Auch wenn mittlerweile die KI Teile der Programmierung übernehmen könnte, ist der Großteil der Softwareentwicklung dem Menschen überlassen. Wie allgemein bekannt, gibt es keine perfekte Software und ebenso keine perfekten Entwickler, denn Entwickler sind eben Menschen und Menschen haben Schwächen. Im folgenden Blog werden einige dieser Schwächen vorgestellt, samt Relevanz und Gegenmaßnahmen für den Softwareentwicklungsprozess.

von Maksim Gudow, Lesezeit: 5 Min.

Entwickler sind Menschen

"Was man nicht ändern kann, muss man von einer anderen Perspektive betrachten."

Fritz P. Rinnhofer

Der Fokus der Softwareentwicklung liegt meist auf dem Erzeugnis des Entwicklers, sei es das Endprodukt oder auch der Quellcode selbst. Viele Blogbeiträge, Tutorials und Konferenz-Talks konzentrieren sich auf den konkreten Prozess des Programmierens mit dem Fokus auf Tools, Frameworks und Prozessen. Aus meiner Sicht kommt die Betrachtung des Entwicklers als Individuum, als Homo Sapiens und als Teil eines Teams zu kurz.
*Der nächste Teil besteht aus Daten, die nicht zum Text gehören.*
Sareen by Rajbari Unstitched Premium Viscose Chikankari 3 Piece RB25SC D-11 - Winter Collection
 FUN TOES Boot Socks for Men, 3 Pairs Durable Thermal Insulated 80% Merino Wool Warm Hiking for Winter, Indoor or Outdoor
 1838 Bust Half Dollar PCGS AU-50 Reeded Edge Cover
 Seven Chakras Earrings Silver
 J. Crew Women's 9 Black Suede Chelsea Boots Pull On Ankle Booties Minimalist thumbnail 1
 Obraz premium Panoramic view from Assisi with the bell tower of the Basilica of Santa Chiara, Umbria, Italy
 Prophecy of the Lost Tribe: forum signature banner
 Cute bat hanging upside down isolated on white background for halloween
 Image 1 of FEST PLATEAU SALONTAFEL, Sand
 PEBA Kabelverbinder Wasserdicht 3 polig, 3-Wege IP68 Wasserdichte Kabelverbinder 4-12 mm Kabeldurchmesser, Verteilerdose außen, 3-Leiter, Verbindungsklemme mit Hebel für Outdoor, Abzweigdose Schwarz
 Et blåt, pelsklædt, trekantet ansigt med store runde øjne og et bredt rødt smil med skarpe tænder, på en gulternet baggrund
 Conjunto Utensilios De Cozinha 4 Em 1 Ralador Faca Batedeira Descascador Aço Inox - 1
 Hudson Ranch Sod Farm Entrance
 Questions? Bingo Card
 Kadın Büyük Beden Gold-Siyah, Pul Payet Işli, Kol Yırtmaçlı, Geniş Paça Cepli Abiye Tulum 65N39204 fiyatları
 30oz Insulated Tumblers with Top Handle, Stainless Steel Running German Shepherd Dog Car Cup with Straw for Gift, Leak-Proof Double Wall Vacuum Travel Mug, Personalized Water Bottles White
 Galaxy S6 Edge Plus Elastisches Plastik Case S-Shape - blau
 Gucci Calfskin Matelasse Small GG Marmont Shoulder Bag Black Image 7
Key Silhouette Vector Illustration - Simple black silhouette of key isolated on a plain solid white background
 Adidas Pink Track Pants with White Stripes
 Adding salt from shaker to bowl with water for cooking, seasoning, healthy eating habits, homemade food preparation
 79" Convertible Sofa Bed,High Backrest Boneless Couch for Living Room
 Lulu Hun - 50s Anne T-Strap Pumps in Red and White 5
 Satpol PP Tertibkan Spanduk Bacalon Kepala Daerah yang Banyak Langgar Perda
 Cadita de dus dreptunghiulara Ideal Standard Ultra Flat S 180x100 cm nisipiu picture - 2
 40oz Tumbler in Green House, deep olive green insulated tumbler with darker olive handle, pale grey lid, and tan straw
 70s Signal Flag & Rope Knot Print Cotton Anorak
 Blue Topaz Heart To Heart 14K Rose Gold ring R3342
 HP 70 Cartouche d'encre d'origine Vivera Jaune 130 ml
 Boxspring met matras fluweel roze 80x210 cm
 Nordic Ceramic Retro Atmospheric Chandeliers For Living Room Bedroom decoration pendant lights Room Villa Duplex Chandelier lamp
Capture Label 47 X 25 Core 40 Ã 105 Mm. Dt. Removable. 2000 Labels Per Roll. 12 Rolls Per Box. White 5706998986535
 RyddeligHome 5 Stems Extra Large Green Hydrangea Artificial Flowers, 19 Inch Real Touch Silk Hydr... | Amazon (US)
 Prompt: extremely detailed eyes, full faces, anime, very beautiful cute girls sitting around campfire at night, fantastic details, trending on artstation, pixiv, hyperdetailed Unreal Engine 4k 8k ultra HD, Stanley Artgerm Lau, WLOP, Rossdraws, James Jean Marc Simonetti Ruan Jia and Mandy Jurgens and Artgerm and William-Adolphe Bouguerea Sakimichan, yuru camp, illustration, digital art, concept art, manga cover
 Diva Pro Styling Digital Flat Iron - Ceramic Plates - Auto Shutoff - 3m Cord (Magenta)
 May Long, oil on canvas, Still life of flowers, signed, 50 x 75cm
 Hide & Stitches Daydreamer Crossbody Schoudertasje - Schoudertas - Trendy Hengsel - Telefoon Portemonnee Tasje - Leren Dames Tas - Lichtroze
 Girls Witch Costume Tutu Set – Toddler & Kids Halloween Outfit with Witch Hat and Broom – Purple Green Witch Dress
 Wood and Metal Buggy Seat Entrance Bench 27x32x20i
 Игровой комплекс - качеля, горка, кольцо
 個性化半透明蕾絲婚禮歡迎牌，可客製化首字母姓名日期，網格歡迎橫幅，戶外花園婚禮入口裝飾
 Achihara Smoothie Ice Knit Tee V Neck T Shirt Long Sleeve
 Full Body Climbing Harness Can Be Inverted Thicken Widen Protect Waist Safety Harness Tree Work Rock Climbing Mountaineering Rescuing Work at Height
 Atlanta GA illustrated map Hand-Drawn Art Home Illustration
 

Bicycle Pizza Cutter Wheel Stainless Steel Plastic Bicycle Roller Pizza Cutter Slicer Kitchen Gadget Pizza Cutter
Wenn die Aspekte der Psychologie und der Soziologie in die Betrachtung einfließen, dann ergeben sich Maßnahmen zur Steigerung der Softwarequalität, ohne sich mit Tools und Frameworks beschäftigen zu müssen.

Maksim Gudow hat seine Gedanken, Erkenntnisse und Tipps in einen sehr spannenden Talk verpackt und ihn auf der DecompileD Conference 2021 in Dresden dem Publikum präsentiert.

Im Folgenden drei Beispiele, die er im Vortrag aufgegriffen hat.

Rückschaufehler (Hindsight bias)

Den Satz "Hätte man vor 10 Jahren Bitcoins gekauft, dann wäre ..." hört man öfter. Leider wird dabei ebenso oft außer Acht gelassen, dass vor 10 Jahren die wenigsten von Bitcoin überhaupt wussten.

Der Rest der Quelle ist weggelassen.